== Information supplied

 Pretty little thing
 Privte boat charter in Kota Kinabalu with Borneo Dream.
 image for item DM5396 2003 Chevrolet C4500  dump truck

====

• Problem to solve:
An exact transcription of the data above is required.

• Answer section:
 Pretty little thing
 Privte boat charter in Kota Kinabalu with Borneo Dream.
 image for item DM5396 2003 Chevrolet C4500  dump truck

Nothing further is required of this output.